"Nous ne sommes pas nous-mêmes", le premier roman de Matthew Thomas nous aimante
La colonne vertébrale du roman, c'est Eileen. Une femme de caractère dont l'ambition va largement peser sur la vie de ses proches.
Eileen a grandi dans un petit appartement du Queens new-yorkais. Son père est une star dans la communauté irlandaise, sa mère vit dans son ombre, dépressive et alcoolique. L'écolière serre les dents. Elle a des rêves et aucune intention de les brader.
Elle devient infirmière, se choisit un mari. Ce sera Ed le surdoué, à qui une grande carrière de scientifique est promise. Mais Ed ne cherche pas la lumière, il se referme. Peu importe, Eileen déteste le surplace, elle trouvera d'autres leviers. L'appartement, l'immeuble, la maison plus vaste, un quartier plus tranquille... Elle imagine toujours le meilleur pour sa tribu.

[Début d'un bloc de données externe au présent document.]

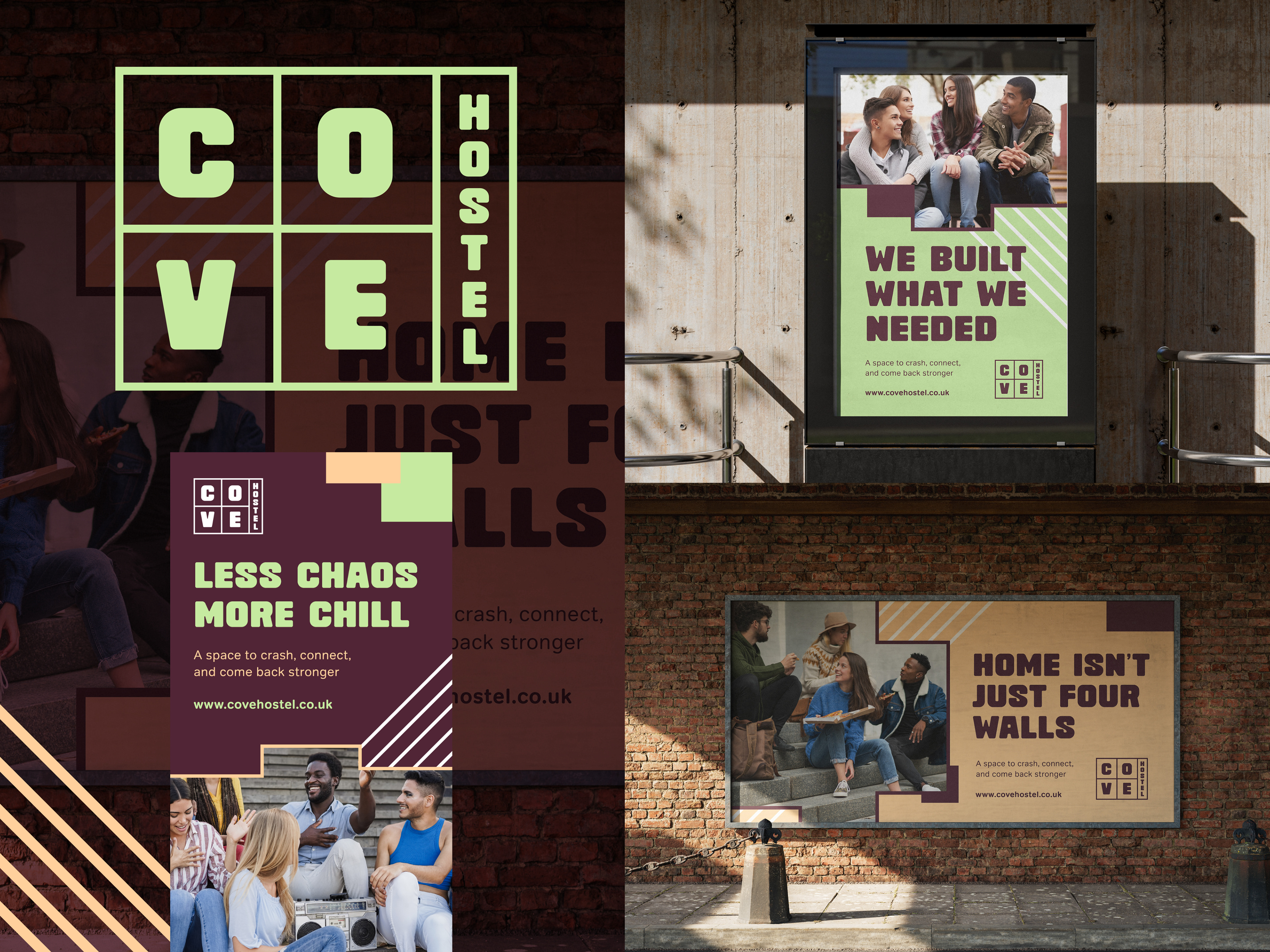 Cove Hostel logo design and physical advertising design mockups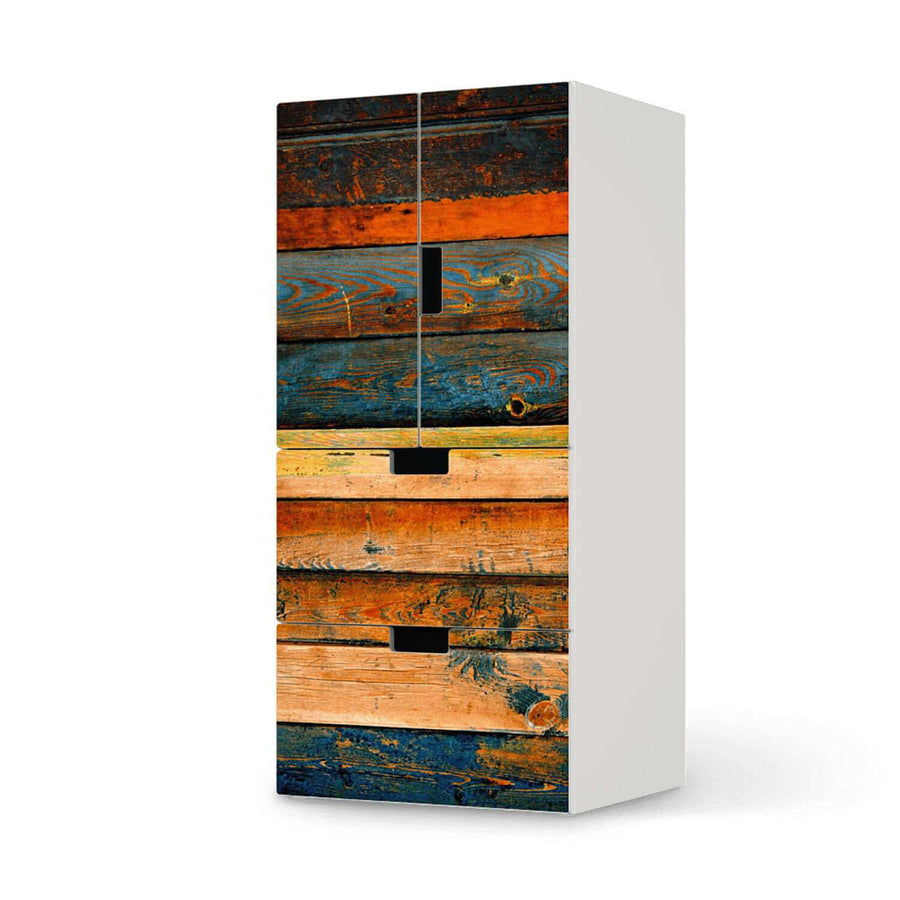 Möbelfolie Wooden - IKEA Stuva kombiniert - 2 Schubladen und 2 kleine Türen  - weiss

Un fils naît. Connell deviendra quelqu'un, forcément. Eileen a de l'énergie à revendre. Et lorsque la maladie s'abat sur la famille, que les nuages s'accumulent, que le système de santé américain l'étrangle, elle ne lâche rien. Blessée, mais toujours debout.
Dix ans d'écriture
Avec elle, nous traversons plusieurs Amériques sans quitter New-York, de l'après-guerre à aujourd'hui. La vie qui change, le confort moderne qui s'impose dans les foyers, les mœurs qui évoluent. Déployée sur plus de plus de 800 pages, cette saga pourrait être un étouffe-chrétien, mais c'est tout le contraire qui se produit. L'écriture précise de Matthew Thomas nous tient en haleine, nous passionne pour ces vies avec encombres de la middle-class américaine.
Eileen et Ed. Eileen et Connell. Ed et Connell. Matthew Thomas excelle dans la description des rapports entre chaque membre du trio familial. D'une profondeur lumineuse, la lettre laissée par le père pour son fils vous tire les larmes.
Et dire que ce roman si maîtrisé, parfaitement charpenté, est le premier de Matthew Thomas ! Il lui aura fallu une décennie pour le boucler. Professeur de collège, il n'a que quarante ans. Et c'est une excellente nouvelle pour cette littérature américaine qui ne manque pourtant pas de talents.